Любовь к детям
Любовь к детям
Дети занимали большое место в жизни: это естественно, поскольку их было много, да все со слабым здоровьем. Росли они вместе с родителями. И хотя на Палатине содержалось вокруг них вполне достаточно кормилиц и гувернанток, сама Фаустина, видимо, принимала в их воспитании большое участие. Трудно оценить меру любви римлян к своим детям: мы поражаемся их суровому воспитанию и не видим, какими они могли быть сентиментальными. Правда, из эпитафий и записок в храмы видно, что простые люди умели испытывать нежные чувства к младенцам. Но с возрождением гуманизма высшие классы тоже стали больше обращать внимание на своих малышей или по крайней мере не скрывать своей привязанности к ним. Об этом говорит очень показательный текст, сохраненный для нас грамматиком Авлом Геллием, в котором выведен Фаворин — знаменитый галльский коллега Фронтона, уроженец Арля, друг Адриана, в его царствование хваливший возврат к природе (в то время эта тема была в моде, как и вообще старина). Фаворин навещает молодую роженицу из сенаторской семьи.

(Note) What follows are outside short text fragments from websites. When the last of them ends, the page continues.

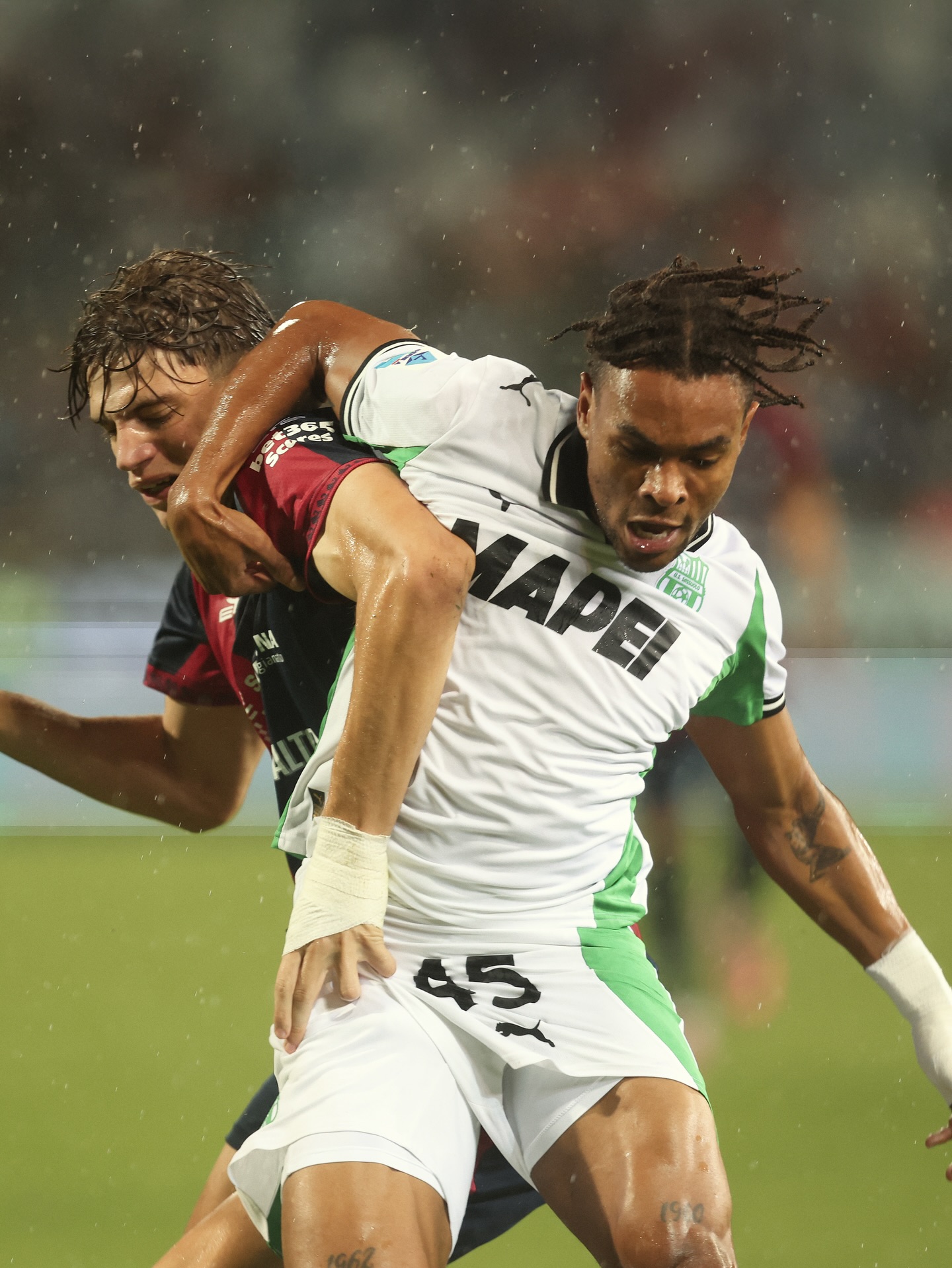 Hasil Pertandingan Cagliari vs Sassuolo
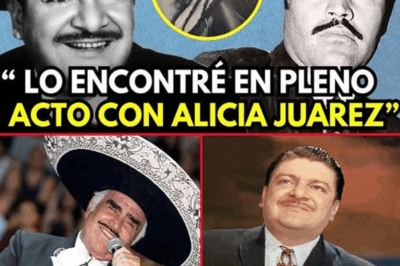 😱 La revelación inesperada: José Alfredo Jiménez rompe el silencio desde la eternidad y destapa su verdad sobre Vicente Fernández 💔 Un amor prohibido que permaneció oculto durante años y hoy sacude al público 🔥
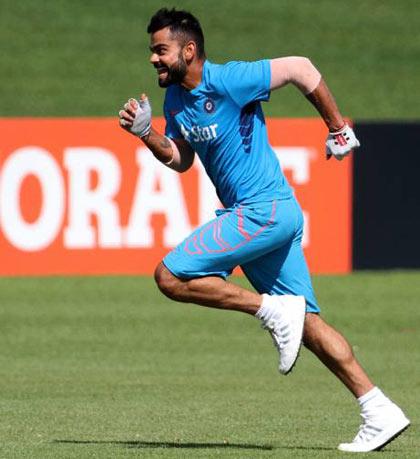 Virat Kohli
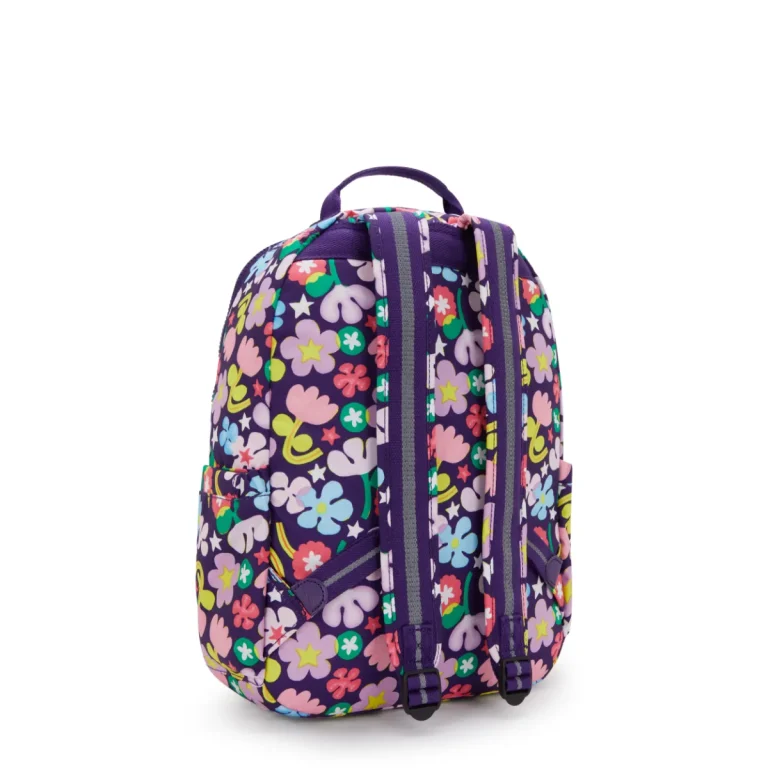 תיק גב גדול למחשב 15" Kipling SEOUL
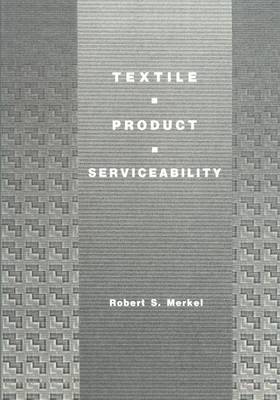 Book cover for Textile Product Serviceability By Specification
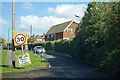 Entering Bean on Shellbank Lane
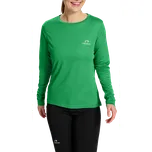Triko s dlouhým rukávem Newline nwlMEMPHIS T-SHIRT L/S WOMAN 500318-6089 Velikost XL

«Надеюсь, — говорит гость, — она сама будет кормить дитя. — Нет, — возражает мать, — ей нужно беречь себя. — Ради богов, позвольте ей быть матерью своему сыну! Что это за противоестественное, неполноценное полуматеринство, которое производит дитя на свет и тут же отталкивает его, вскармливает в своем лоне собственной кровью нечто невидимое и отказывает в своем молоке тому, кого видит живым, имеющим человеческий облик, молящим о материнской помощи?» Он осуждает женщин, сцеживающих молоко: «И это под предлогом не портить грудь, столь важную для их красоты! В своем безумии они доходят до того, что преступно прерывают беременность, чтобы линия их живота не искажалась морщинами…» Далее он возвращается к кормлению детей, обличает опасность кормилиц с их «наемным млеком», особенно тех, которые из варваров: «Попустите ли вы, чтобы дитя — ваше дитя — приняло в свою плоть и душу эманации души и плоти низшего свойства?» Здесь выражается не расизм — порок, не слишком свойственный римлянам, — а интеллектуальный элитаризм. Римляне были убеждены, что от молока гречанки начинают говорить с греческим акцентом, а потому то искали греческих кормилиц, то отказывали им, смотря по тому, начиналась или проходила мода на эллинизм. Но и в риторических упражнениях Фаворина, которые лишь шестнадцать веков спустя смог превзойти Жан-Жак Руссо, нельзя не поразиться искренности таких его слов: «Разве не очевидно, что женщины, отталкивающие детей, которых отдают на воспитание другим, если не рвут, то ослабляют теснейшие узы душ и тел, которыми Природа соединила родителей с детьми?»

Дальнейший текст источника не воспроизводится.